Late Friday night (2 hours before the government’s self-imposed deadline of 5/15/15), DOJ filed two affidavits supplementing their advisory. First, a declaration of Leon Rodriguez, the director of United States Citizenship and Immigration Services, and Donald Neufeld, Associate Director for Service Center Operations. These declarations explain how and why expanded DACA applications continued to be issued even after Judge Hanen’s injunction issued.
The most interesting document is the Neufeld Declaration, which explains how DACA applications are granted.
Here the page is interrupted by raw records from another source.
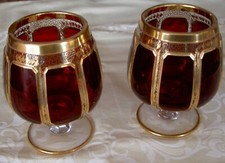 Cognacbecher 2 Stück Ranftbecher Überfangglas, Bömische Art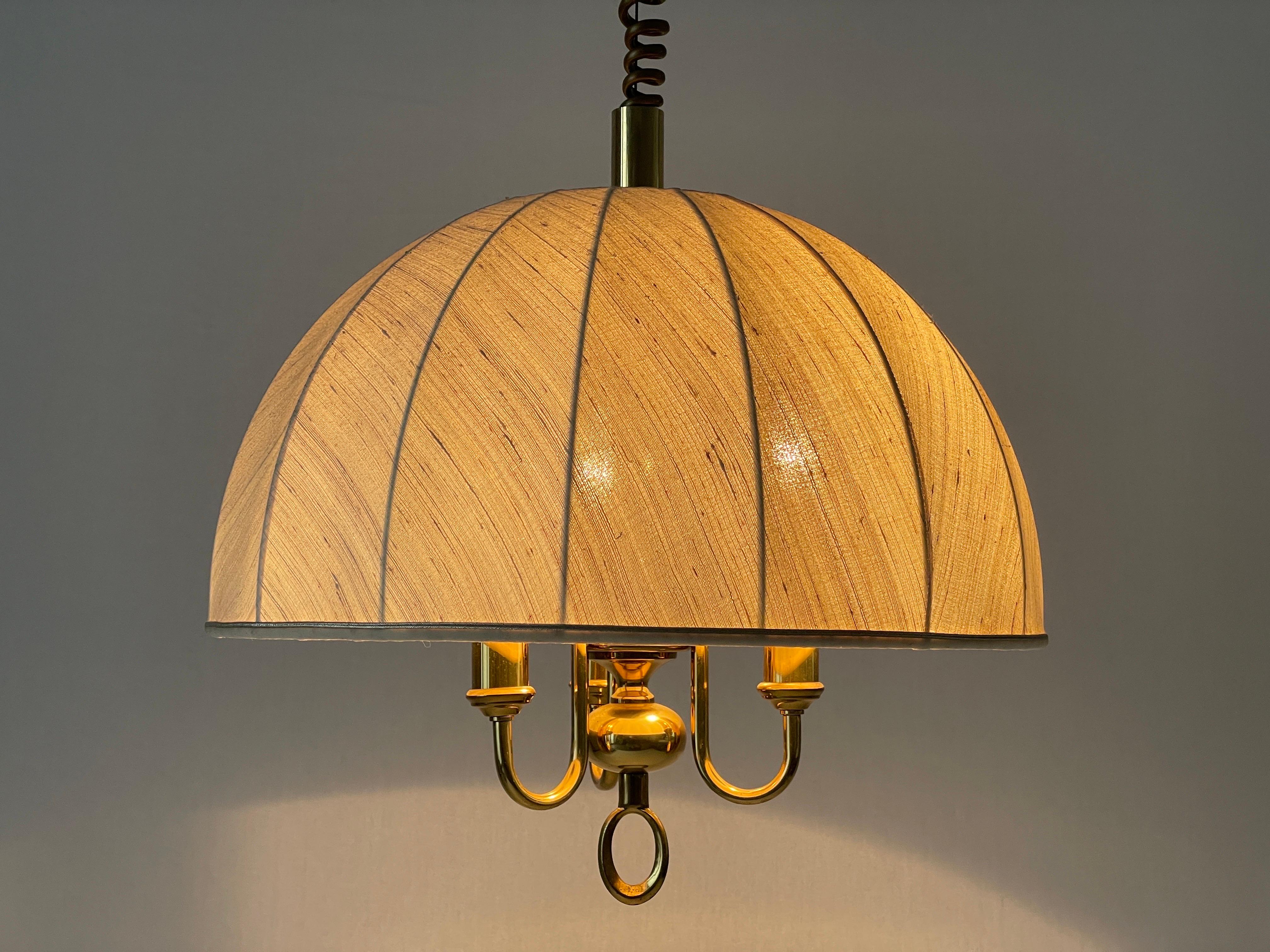 Fabric and Brass 3 socket Adjustable Shade Pendant Lamp by WKR, 1970s, Germany For Sale 9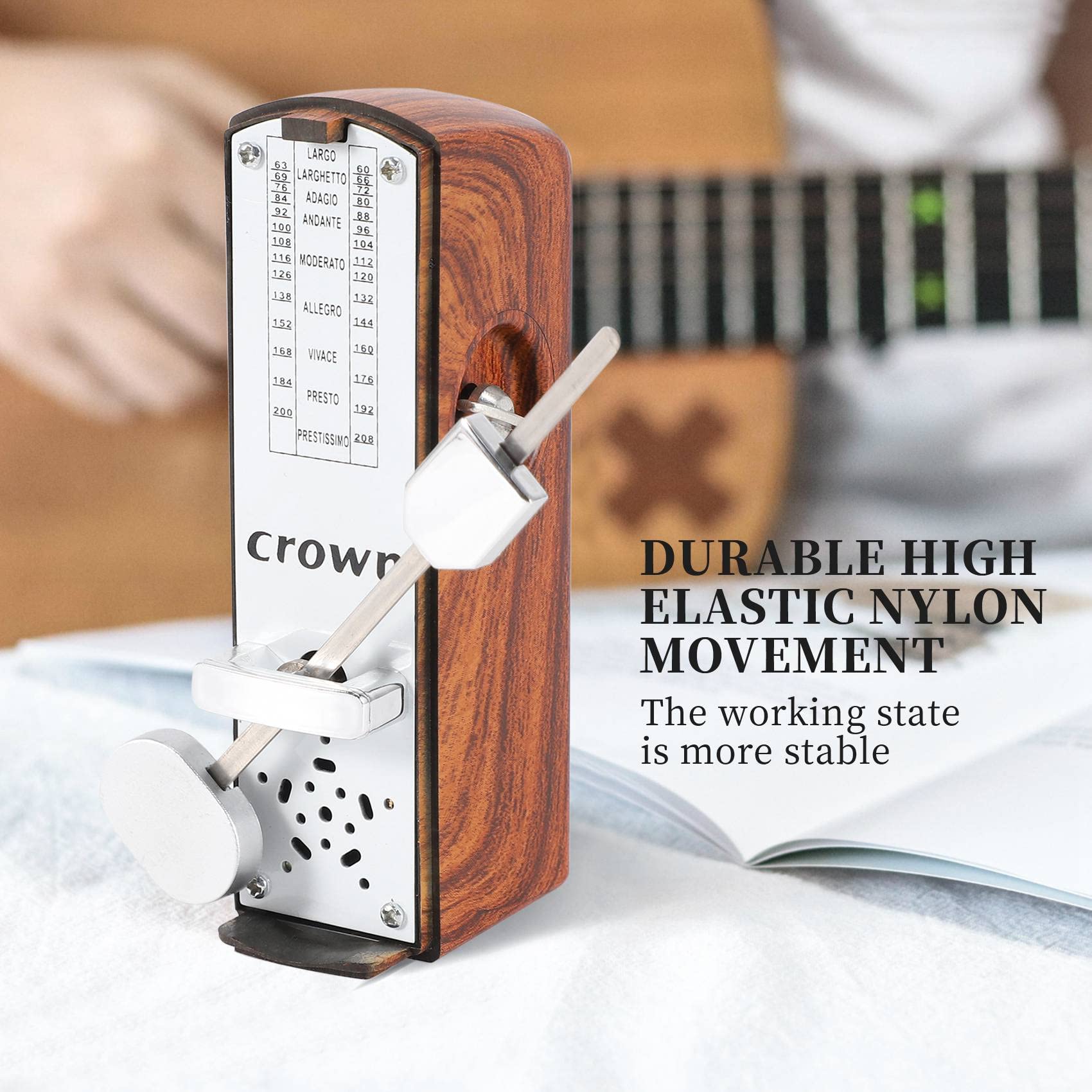 Mini metronomo meccanico per chitarra, pianoforte, violino - Alta precisione volume colore teak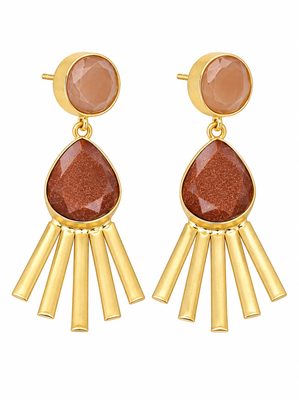 Certified natural freshwater pearls jewellery gold-toned peach & brown stone drop earrings with fan fringe 5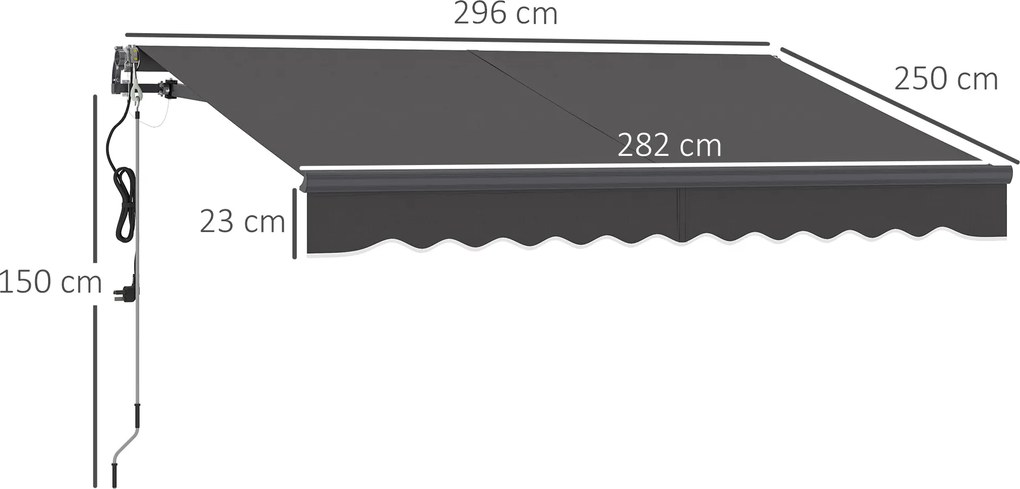 Outsunny Markiza z Korbą Ręczną i Elektryczna Regulacja Wysokości Markiza Ramieniowa 300 cm Szerokości Ciemnoszary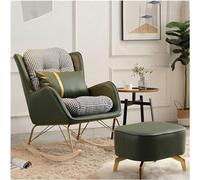 Mid Century Modern Rocking Chair Set with Ottoman & Lumbar Pillow Upholstered Tufted Accent Chair for Nursery & Living Room Stylish Green Rocker Armchair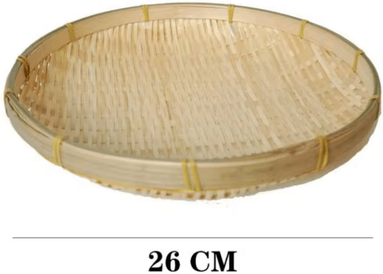 Inspire Picks Handmade Woven Bamboo Bread Basket Tray For Kitchen & Table Serving 26cm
7. In order to understand where the process of identification and tracking broke down, it is necessary to understand the steps involved in the approving of deferred action and employment authorization and in the production and issuance of EADs to DACA recipients. The review and consideration of a request for deferred action and application for employment authorization under DACA is a multi-step, case-specific process. As described more fully below, that process involves three principal, consecutive steps for approved cases: (1) consideration of the request for deferred action; (2) consideration of the application for employment authorization; and (3) production of the EAD. Each of these steps results in USCIS issuing a separate document to the requestor. Approval of the request for deferred action triggers the issuance of an approval notice to the requestor. Approval of the application for employment authorization similarly triggers a separate approval notice. Finally, after approval, USCIS prints and then mails the EAD to the requestor. This typically takes approximately two to five business days after approval of the application for employment authorization.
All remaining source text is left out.